New smart ring can replace your credit card, house keys and more
Tokenize

Maybe you're not too interested in wearable technology. For you, jewelry is a fashion statement and rings are just a symbol of your love for your spouse. But according to Statista.com, this market will be valued at more than $4 billion this year and even more next year.

If the wearable technology bug hasn't bitten you yet then maybe Token could be the piece of jewelry that changes your mind. The company behind it says this smart ring makes everyday actions faster and easier while keeping your private information even more secure.

What is it?

Token is a smart ring that "allows users to live keyless, cardless, and free of passwords." People can use it instead of credit cards, house keys, car keys, computer password logins, access badges, and transit passes. Yup, that little ring does all that!

All of your credentials are stored inside the ring and different hand gestures activate specific functions. For instance, knocking on your car door can unlock it while tapping a scanner can pay for things. Watch the video below to see how it works.

What are the risks?

I know what you're thinking: It does look like a cool little gadget but having all your credentials stored in one place can't be a good idea.
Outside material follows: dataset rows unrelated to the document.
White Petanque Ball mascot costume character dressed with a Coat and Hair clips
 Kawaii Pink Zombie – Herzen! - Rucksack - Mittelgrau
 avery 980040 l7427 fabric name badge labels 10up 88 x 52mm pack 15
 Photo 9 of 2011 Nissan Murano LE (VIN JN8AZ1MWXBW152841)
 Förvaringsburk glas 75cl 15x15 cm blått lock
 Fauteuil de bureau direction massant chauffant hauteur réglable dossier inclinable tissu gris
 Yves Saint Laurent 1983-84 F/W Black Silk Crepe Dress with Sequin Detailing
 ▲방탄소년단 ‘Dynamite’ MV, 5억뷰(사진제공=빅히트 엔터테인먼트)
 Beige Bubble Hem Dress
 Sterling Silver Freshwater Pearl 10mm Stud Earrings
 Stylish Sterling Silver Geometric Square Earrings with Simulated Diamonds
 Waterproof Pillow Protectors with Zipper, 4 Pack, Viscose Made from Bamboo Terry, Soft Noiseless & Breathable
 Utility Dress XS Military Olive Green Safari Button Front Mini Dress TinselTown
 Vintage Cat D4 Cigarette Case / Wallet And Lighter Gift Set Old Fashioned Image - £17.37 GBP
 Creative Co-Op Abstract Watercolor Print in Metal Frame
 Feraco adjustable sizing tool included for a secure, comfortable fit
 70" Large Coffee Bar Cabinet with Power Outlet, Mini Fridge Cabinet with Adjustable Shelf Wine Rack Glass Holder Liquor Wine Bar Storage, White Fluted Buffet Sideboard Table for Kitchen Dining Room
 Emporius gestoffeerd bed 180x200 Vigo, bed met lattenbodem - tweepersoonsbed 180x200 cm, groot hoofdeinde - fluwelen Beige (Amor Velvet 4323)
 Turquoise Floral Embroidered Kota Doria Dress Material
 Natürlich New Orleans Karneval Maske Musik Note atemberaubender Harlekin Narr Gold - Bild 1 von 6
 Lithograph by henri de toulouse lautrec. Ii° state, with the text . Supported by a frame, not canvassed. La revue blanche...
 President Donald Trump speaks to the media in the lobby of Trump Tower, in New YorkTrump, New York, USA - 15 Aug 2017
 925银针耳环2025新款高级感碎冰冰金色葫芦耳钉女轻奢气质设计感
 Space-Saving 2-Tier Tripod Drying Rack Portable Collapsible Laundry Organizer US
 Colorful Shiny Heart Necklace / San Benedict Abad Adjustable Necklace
What if it gets lost or stolen? Before you slide the ring down your finger, you scan your fingerprint on a bio reader. A sensor can tell when the ring is taken off and it locks until the proper fingerprint is scanned again. Therefore, if someone else takes it, it's just a regular ring to them.

If you lose your wallet, anyone can go on a shopping spree with the credit cards inside until you can get them deactivated. If your keys fall into the wrong hands, anyone can go for a joyride in your car or walk right through your front door. By the time you change your computer passwords, hackers probably have everything they need.

What if it gets hacked? Your credentials are stored on "a secure element" within the ring that is EAL5+ certified, which is one of the higher levels on the international security scale.

When companies fall victim to massive hacks, it's their internal servers that have been compromised. Tokenize, the company behind Token, said they don't store your credentials on their servers.

Even though the ring seems more secure than the tools it replaces, the "Don't put all your eggs in one basket" warning comes to mind.

Where can I buy one?

Token can be pre-ordered from the Tokenize website. There's a sale that's ending soon so I'd buy it now if you're interested. Pre-orders will be shipped in December and the wide-release is set for spring of next year.

The ring is made from sterling silver and is available in three finishes. "Brushed" is $249 but "14K Rose Gold" and "Black Rhodium" both cost $299. The hardware lock for your home and car is an additional $100 each. That's not too bad when you consider how much regular rings and other smart devices cost.

Token is waterproof in up to 50 meters of water, has a two-week battery life and is available in ring sizes 6-12. Before they ship your ring, you'll receive a sizer kit to ensure that the ring fits perfectly.